Monday 8 April 2019

A sad story of Liberalism

This blog post was first published on the Radix site...

I found myself in agreement with Norman Lamb last week that his party (and mine) was in danger of becoming an equally irresponsible version of the European Research Group on the Remainer side.

What I did find unexpected was how much agreement and symathy there was for his position in the comments below the line on Lib Dem Voice.

I also have huge sympathy with him because I feel what he must feel, this terrible sense of guilt and alienated disappointment that I find myself so out of kilter with the party I have been a member of for four decades.

I also feel a sense of huge frustration for another reason, looking back more than a century since the last time the ruling Conservatives fractured over trade policy.
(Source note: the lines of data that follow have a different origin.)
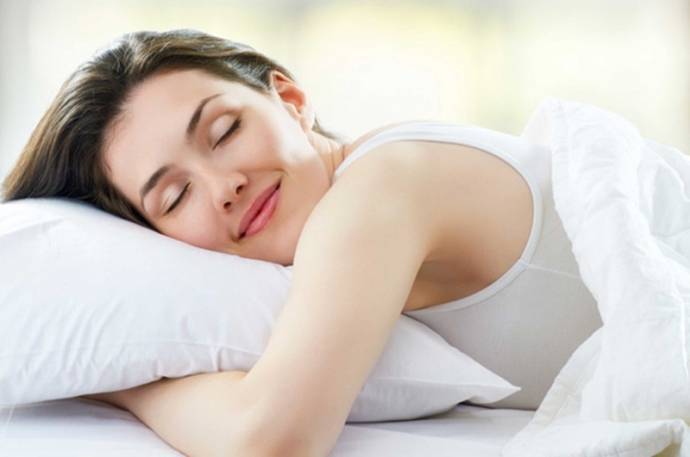 ¿Cada cuánto debo cambiar una almohada?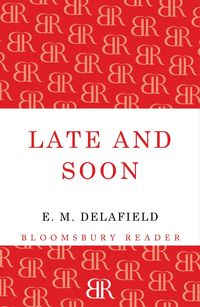 Produktbild: Late and Soon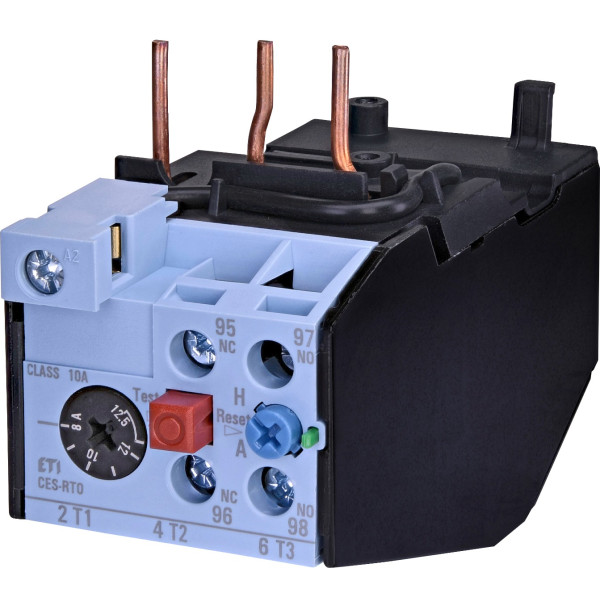 Тепловое реле ETI 004646595 CES-RT0-12.5 (CES 6…18) 8 - 12,5А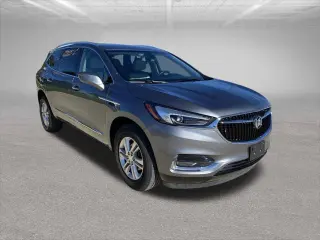 Buick Enclave 2020 Gasolina 4p Crossover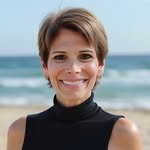 Daryn Kagan - @darynkagan - Instagram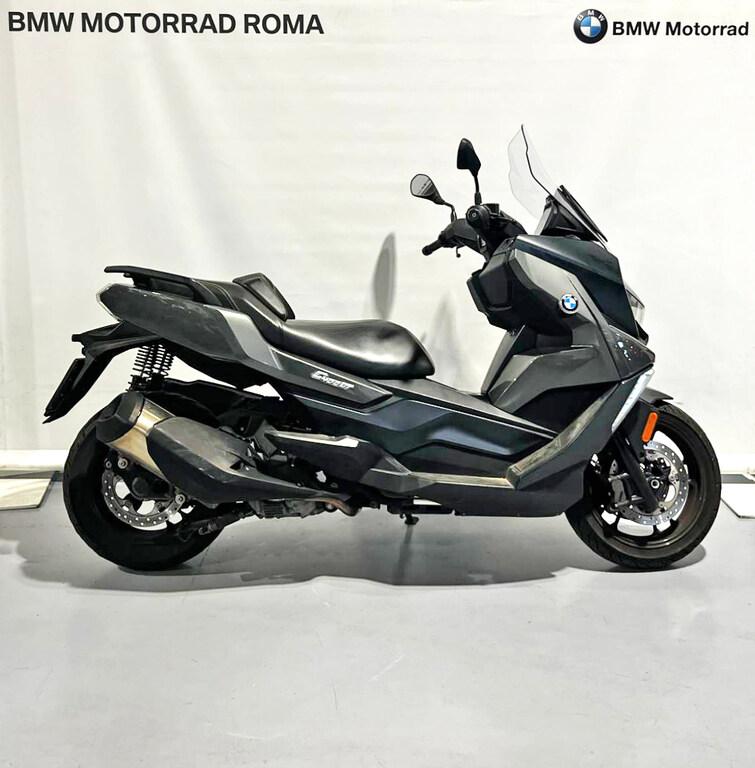 usatostore.bmw-motorrad.it Store BMW Motorrad C 400 GT BMW C 400 GT MY21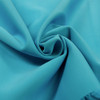 Light Blue Neoprene Water Resistant Fabric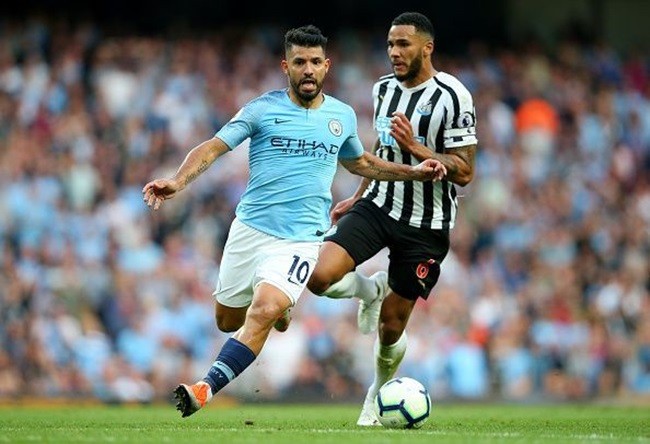 5 điểm nhấn man city vs newcastle - Bóng Đá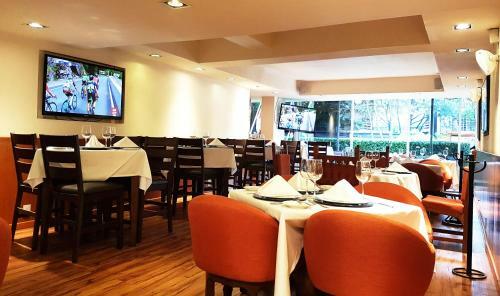 Hotel Suites Amberes
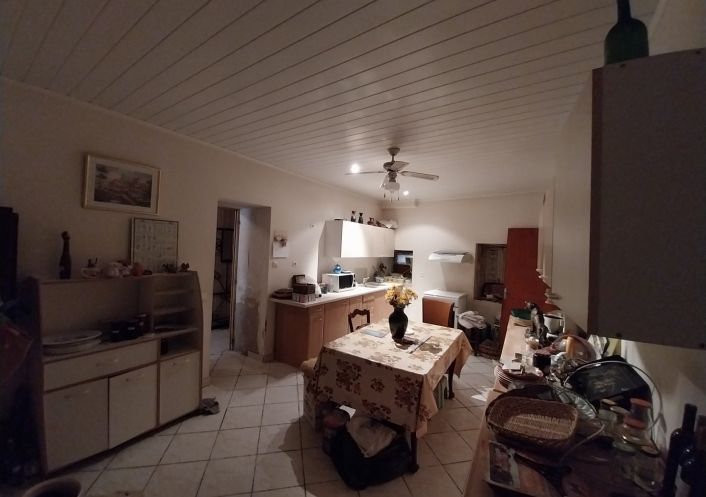vente Maison Villeneuve Les Beziers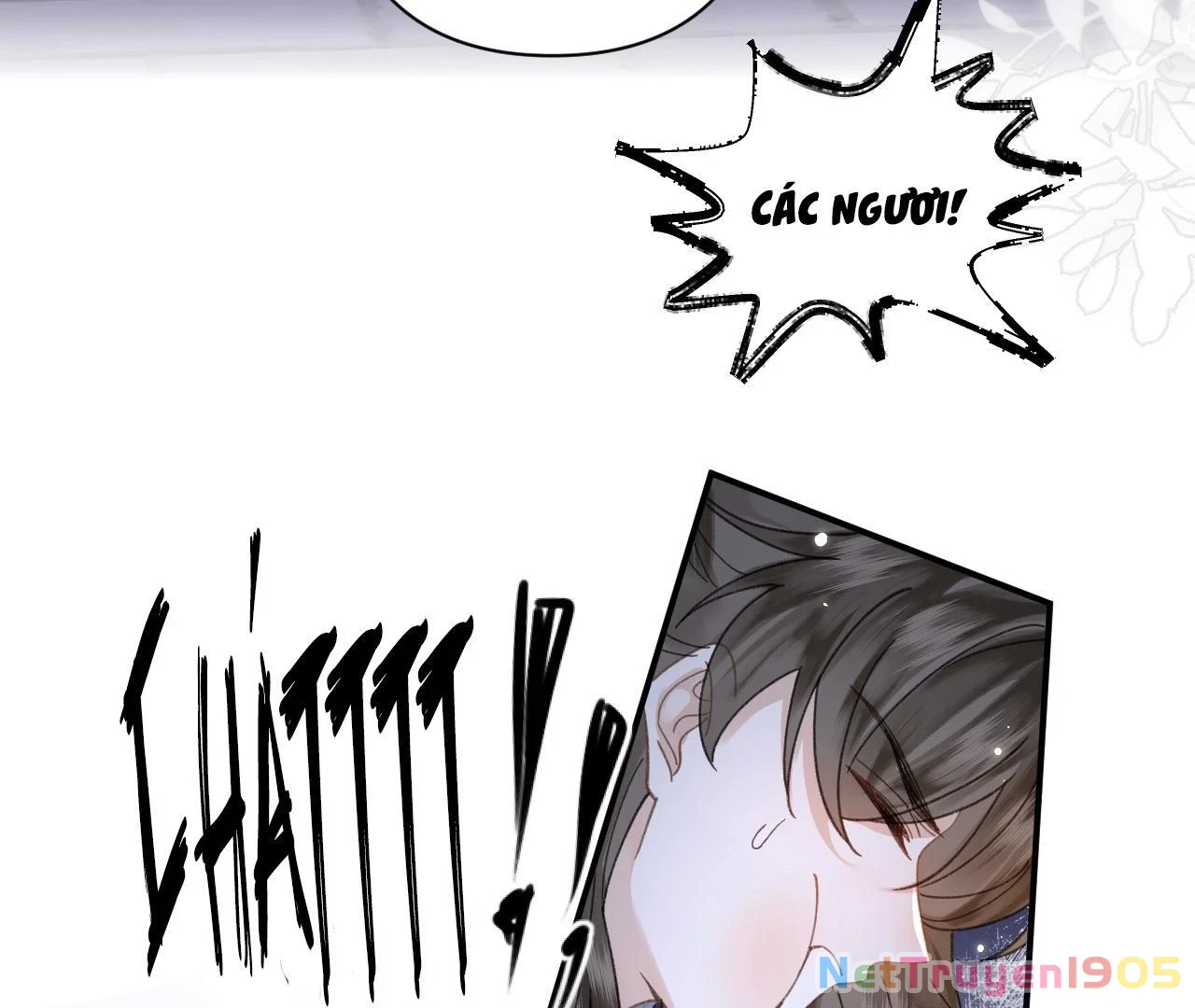 Đông Hải Tìm Mỹ Nhân Chapter 29 - Trang 2
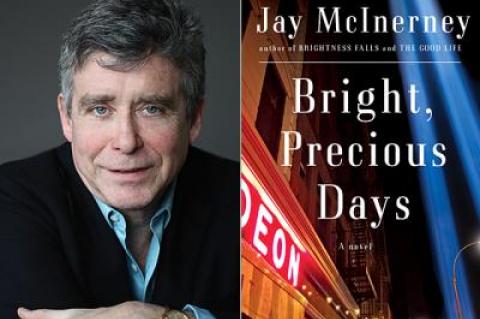 Jay McInerney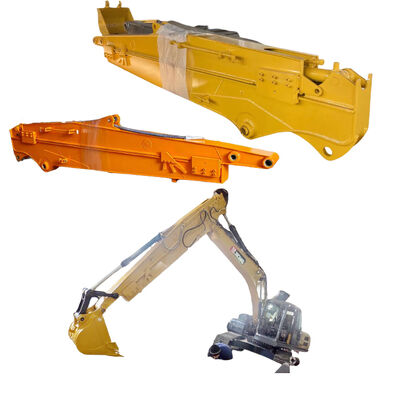 Máy đào Long Reach Boom And Telescopic Arm 10M 15M 16M 18M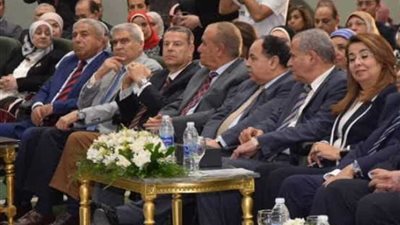 خروج قرى بنى سويف من تصنيف 1000 قرية الأكثر فقرا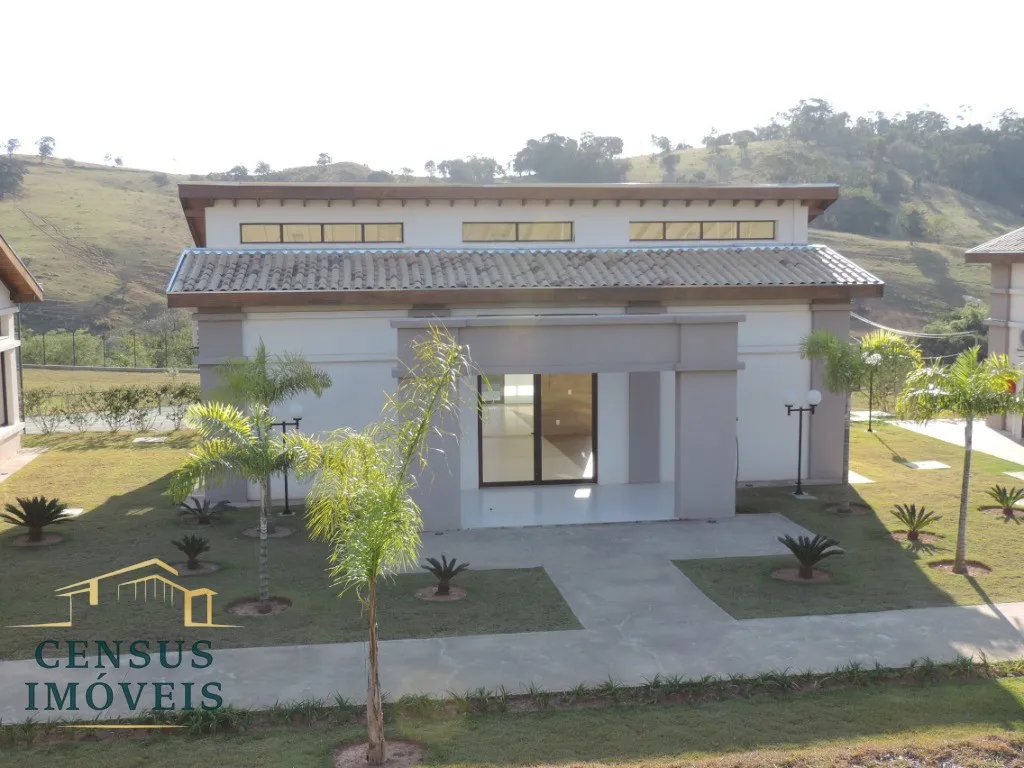 Foto do imóvel: Terreno exclusivo à venda em condomínio de luxo em Itupeva-SP - 870, 63 m² de área no Condomínio Reserva Santa Monica em Condomínio Reserva Santa Monica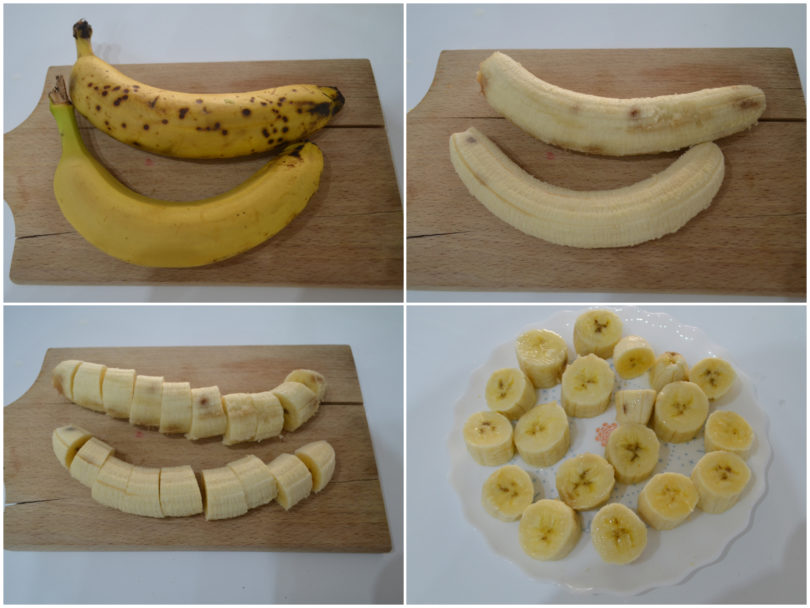 Liquore Alla Banana Ricetta Liquore Alla Banana Di Misya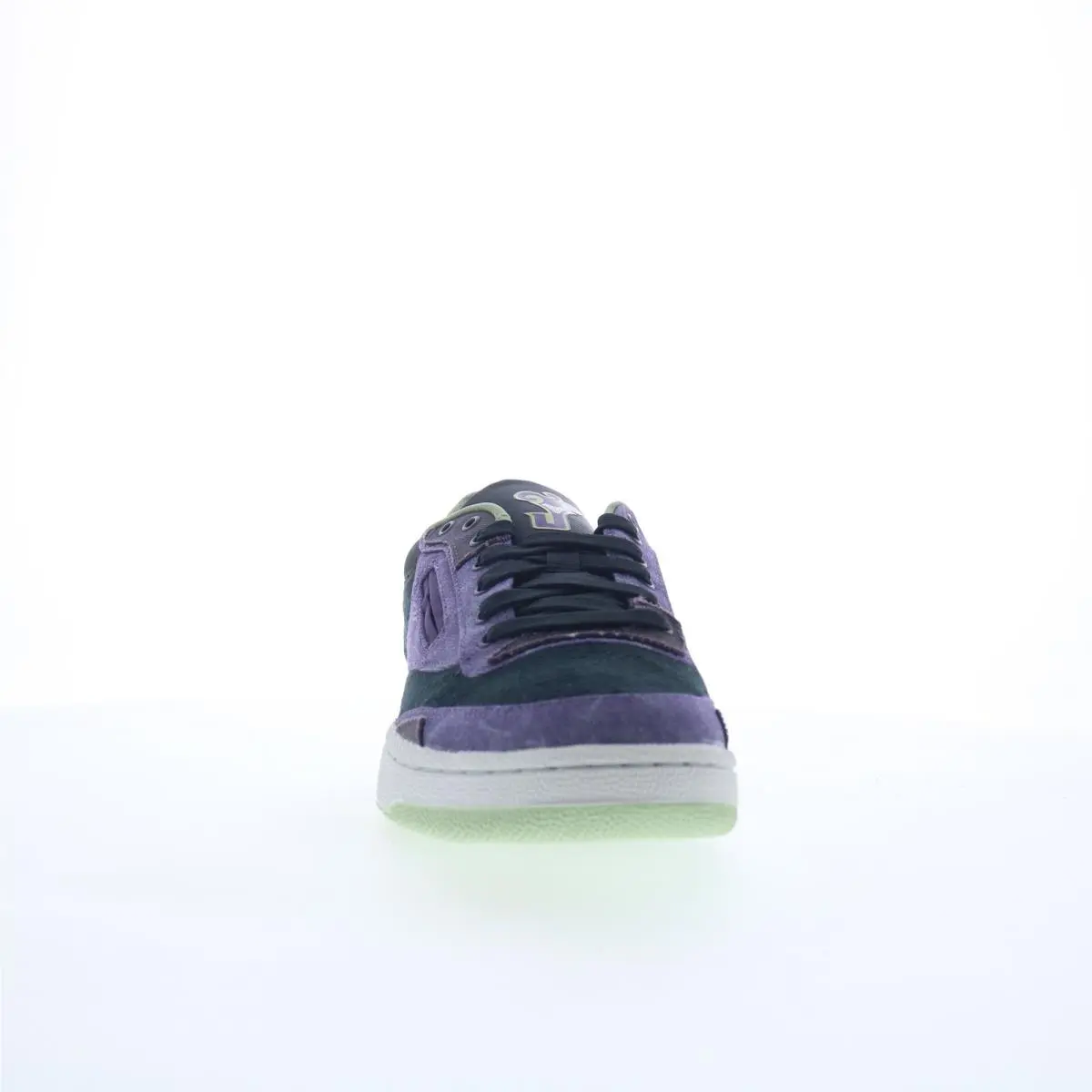 Reebok shoes - Reebok Club C - Club - HQ4573 - Purple (UPC: 195748601302) 1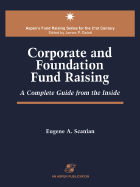 Corporate & Foundation Fund Raising - Scanlan, Eugene A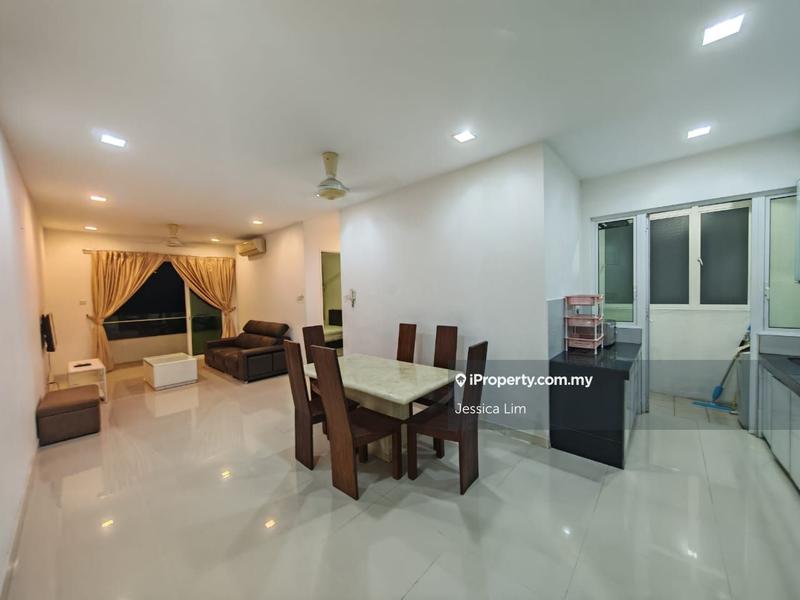 For Rent - Scenaria @ North Kiara Hills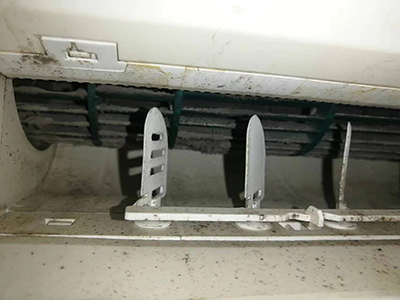 从江空调维修售后服务中心电话是多少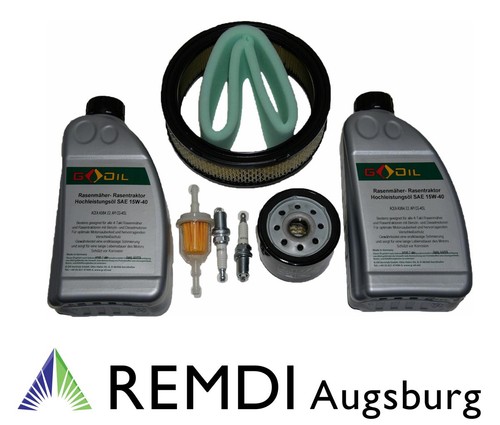 John deere wartungskit - deere,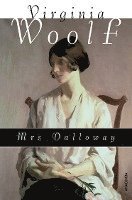 bokomslag Mrs Dalloway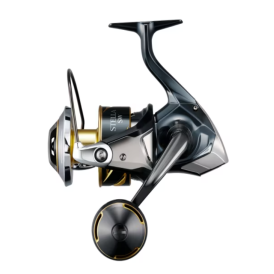 Shimano STELLA SW10000HGD (2025) - vue éclatée et pièces détachées disponibles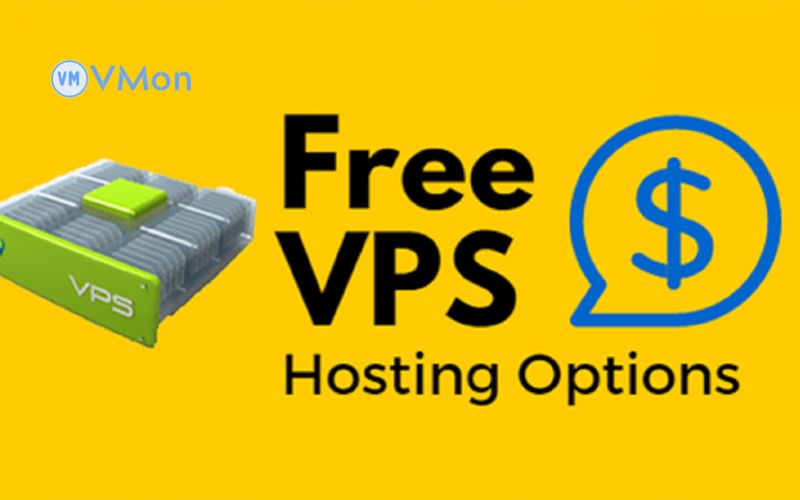 vps free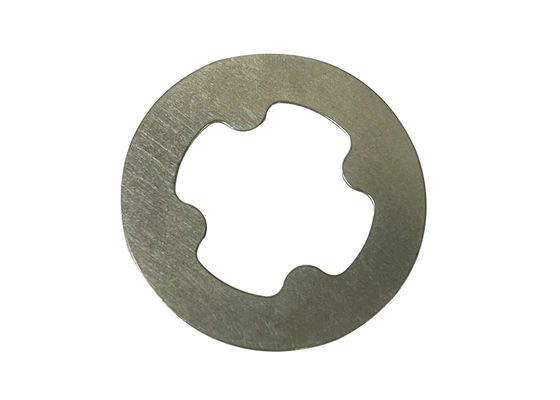 Precision Stamped Round Shock Valve Shims dengan Daya Tahan yang Ditingkatkan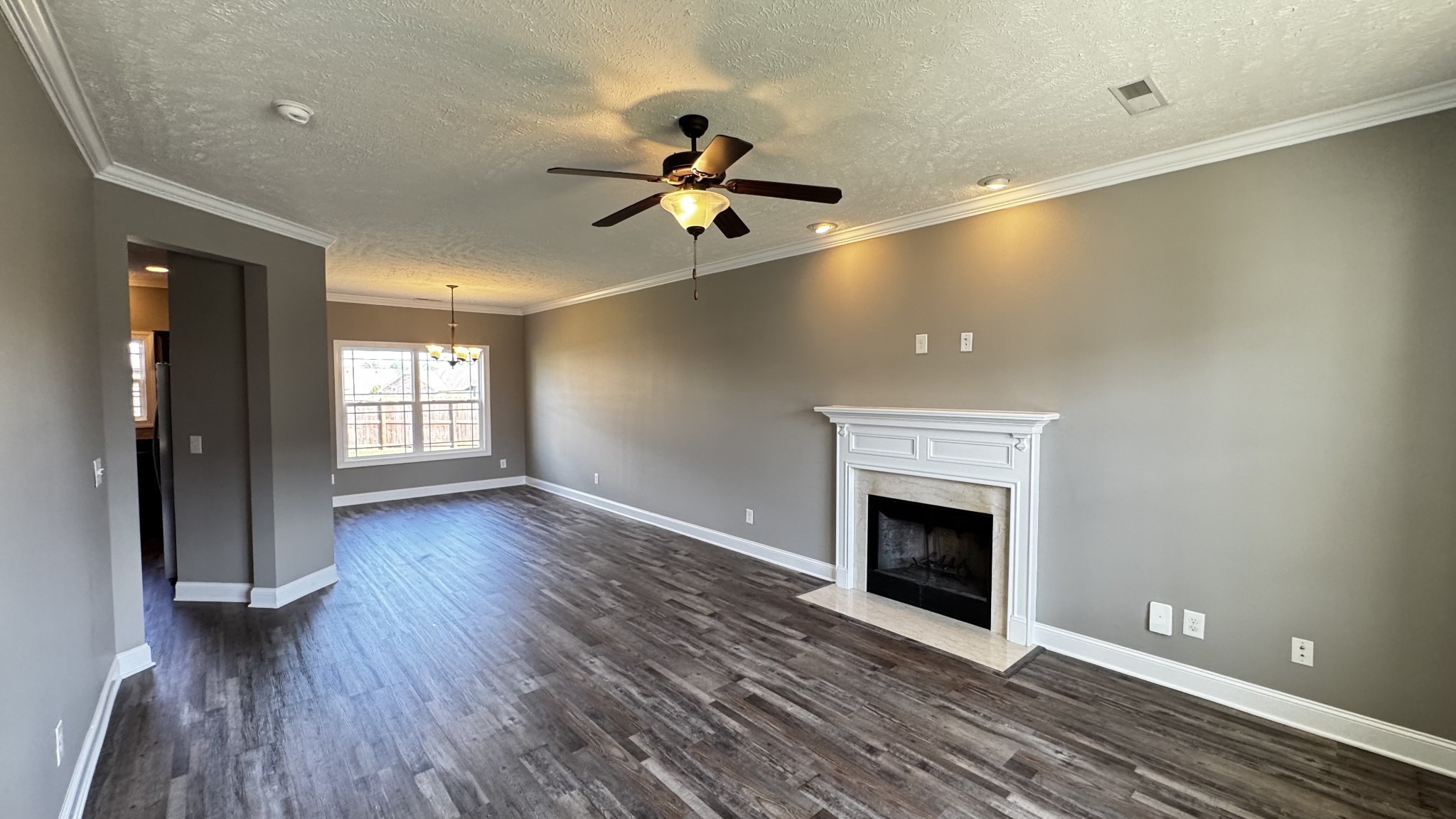 1941 Sunset Meadows Way Clarksville TN 37042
In the early years of the century, Joseph Chamberlain's ideas about 'imperial preference' - whether we should have as close a trading relationship with Europe as we did with the empire or not - split the Tories from top to bottom.

It was this dispute where one cabinet minister famously confided that he had nailed is colours "firmly to the fence".

What was different from today is that there was an effective Liberal opposition under Henry Campbell-Bannerman, who was able to engineer the Liberal landslide of 1906 as a result - which gave us old age pensions and the People's Budget and much else besides.

This is what I find frustrating. That Campbell-Bannerman's successors could have developed the kind of rheortic that could speak for the nation as a whole, beyond the old labels of Remainer and Leaver and could provide people with just a glimmer of hope.

I fear it may now be too late.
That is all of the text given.